Description Puenlap Lee 2014-02-26 04:10:21 MST
One of our testers was misled into thinking that the requested node configuration is not available when it is available.  Here is his test case.

I use the QOS GJ created like this :
sacctmgr -i create qos name=GJ MaxCPUs=4 MaxJobs=4 MaxNodes=2 MaxNodesPerUser=5 flags=DenyOnLimit

6 nodes are available in the default partition
[jouvin@valx0 slurmtest]$ sinfo -p mpi
PARTITION AVAIL  TIMELIMIT  NODES  STATE NODELIST
mpi*         up   infinite      6   idle valx[31-34,41-42]

But when I request 2 nodes, the requested node configuration is not available :
[jouvin@valx0 slurmtest]$ srun -J GJ1 -N2 --exclusive --qos=gj hostname
srun: error: Unable to allocate resources: Requested node configuration is not available

This message is inappropriate, the nodes are available. Here, the problem is the number of cpus because of usage of --exclusive (2 * 8 cpus) > MaxCPUs.

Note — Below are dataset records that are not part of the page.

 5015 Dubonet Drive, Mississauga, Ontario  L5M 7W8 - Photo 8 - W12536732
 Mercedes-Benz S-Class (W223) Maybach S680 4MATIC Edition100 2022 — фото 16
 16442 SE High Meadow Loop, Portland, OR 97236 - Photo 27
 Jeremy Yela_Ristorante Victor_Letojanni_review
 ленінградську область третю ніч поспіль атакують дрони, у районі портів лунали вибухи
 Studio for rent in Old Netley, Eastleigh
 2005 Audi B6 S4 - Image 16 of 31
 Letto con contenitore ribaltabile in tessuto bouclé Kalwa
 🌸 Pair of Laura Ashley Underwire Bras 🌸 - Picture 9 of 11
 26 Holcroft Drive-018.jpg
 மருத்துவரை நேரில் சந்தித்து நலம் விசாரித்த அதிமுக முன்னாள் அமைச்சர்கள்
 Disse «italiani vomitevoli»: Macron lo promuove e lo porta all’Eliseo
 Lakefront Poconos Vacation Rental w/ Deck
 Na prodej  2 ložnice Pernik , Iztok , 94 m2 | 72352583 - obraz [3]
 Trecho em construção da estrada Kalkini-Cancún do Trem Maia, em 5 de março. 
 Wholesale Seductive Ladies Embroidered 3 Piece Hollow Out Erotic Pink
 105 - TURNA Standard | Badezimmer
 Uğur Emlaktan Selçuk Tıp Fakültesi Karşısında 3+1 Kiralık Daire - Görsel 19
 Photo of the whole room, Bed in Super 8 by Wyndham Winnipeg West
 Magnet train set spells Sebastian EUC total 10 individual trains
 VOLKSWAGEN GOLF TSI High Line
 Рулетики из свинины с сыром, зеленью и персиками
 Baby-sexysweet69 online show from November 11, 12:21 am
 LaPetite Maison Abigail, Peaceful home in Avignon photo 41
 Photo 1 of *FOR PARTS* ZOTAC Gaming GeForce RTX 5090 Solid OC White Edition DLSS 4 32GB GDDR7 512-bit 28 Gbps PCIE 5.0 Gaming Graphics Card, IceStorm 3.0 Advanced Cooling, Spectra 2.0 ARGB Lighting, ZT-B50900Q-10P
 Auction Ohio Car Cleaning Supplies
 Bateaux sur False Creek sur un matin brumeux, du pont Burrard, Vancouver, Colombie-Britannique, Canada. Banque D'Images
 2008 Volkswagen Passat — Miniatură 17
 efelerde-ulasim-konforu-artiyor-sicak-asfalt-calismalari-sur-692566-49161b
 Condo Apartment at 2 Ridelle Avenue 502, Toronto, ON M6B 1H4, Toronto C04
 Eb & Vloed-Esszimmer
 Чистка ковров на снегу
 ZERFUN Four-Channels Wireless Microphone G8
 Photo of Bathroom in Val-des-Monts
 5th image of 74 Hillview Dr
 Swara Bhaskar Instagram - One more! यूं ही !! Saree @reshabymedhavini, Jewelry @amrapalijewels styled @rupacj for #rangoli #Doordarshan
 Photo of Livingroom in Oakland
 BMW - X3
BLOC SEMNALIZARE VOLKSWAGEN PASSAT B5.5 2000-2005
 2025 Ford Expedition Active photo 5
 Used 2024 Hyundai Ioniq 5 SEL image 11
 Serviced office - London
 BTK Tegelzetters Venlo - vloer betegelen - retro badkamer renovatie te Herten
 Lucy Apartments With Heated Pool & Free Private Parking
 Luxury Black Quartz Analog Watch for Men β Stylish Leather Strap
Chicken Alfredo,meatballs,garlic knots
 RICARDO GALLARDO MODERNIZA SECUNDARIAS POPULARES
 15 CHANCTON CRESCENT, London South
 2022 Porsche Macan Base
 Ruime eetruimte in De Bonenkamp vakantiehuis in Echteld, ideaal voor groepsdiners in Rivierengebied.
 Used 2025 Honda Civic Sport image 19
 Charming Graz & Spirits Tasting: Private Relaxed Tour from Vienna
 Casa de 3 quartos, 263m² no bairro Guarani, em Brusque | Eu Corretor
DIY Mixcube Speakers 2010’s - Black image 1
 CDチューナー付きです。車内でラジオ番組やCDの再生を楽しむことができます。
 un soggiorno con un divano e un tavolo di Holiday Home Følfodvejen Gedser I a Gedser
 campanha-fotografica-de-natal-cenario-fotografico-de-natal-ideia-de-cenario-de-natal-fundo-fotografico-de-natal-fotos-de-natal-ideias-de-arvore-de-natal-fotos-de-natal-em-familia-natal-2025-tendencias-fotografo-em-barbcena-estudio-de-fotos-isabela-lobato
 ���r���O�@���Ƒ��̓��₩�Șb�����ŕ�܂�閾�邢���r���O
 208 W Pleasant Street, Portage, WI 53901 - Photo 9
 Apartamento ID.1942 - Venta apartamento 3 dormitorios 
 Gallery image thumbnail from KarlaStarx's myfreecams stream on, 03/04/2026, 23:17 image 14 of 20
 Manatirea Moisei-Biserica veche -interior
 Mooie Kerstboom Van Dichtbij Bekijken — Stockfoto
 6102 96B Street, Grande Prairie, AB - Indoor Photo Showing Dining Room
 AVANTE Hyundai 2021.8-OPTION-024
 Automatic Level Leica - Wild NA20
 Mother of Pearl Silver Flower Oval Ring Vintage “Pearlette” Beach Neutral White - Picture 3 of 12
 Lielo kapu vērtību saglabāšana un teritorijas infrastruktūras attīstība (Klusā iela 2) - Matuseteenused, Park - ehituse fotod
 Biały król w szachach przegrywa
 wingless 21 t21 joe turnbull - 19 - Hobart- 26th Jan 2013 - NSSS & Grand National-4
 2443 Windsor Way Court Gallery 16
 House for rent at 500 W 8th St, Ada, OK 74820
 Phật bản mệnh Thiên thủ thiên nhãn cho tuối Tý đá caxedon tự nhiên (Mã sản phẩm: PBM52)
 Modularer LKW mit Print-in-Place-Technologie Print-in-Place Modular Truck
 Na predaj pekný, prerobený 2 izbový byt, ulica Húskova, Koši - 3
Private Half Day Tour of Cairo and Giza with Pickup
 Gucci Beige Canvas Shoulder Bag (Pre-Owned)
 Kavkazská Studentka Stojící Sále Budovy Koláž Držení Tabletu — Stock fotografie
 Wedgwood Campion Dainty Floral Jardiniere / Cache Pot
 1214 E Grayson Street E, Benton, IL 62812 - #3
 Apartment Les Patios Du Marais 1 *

Request two nodes is allowed :
[jouvin@valx0 slurmtest]$ srun -J GJ2 -N2 --qos=gj hostname
valx32
valx31

But request more than 4 cpus (MaxCpus) violates the policy :
[jouvin@valx0 slurmtest]$ srun -J GJ3 -n8 --qos=gj hostname
srun: error: Unable to allocate resources: Job violates accounting/QOS policy (job submit limit, user's size and/or time limits)

Here the message is clear, it is that which should be issued upon submission of the first job (GJ1).
Comment 1 David Bigagli 2014-02-28 06:40:13 MST
Hi, 
   this depends on your configuration. The reason for the different message is that in the case of 'srun -J GJ1 -N2 --exclusive --qos=gj hostname' the select plugin must run to determine there are no hosts that cannot be used and that's why we see the 'Requested node configuration is not available' error message. On the other hand if your cluster had nodes with one or two cpus the job could have ran. A job request of type 'srun -J GJ3 -n8 --qos=gj hostname' is much easier
to account against the qos limit and thus the message is more direct.
We may consider this as a future enhancement.

David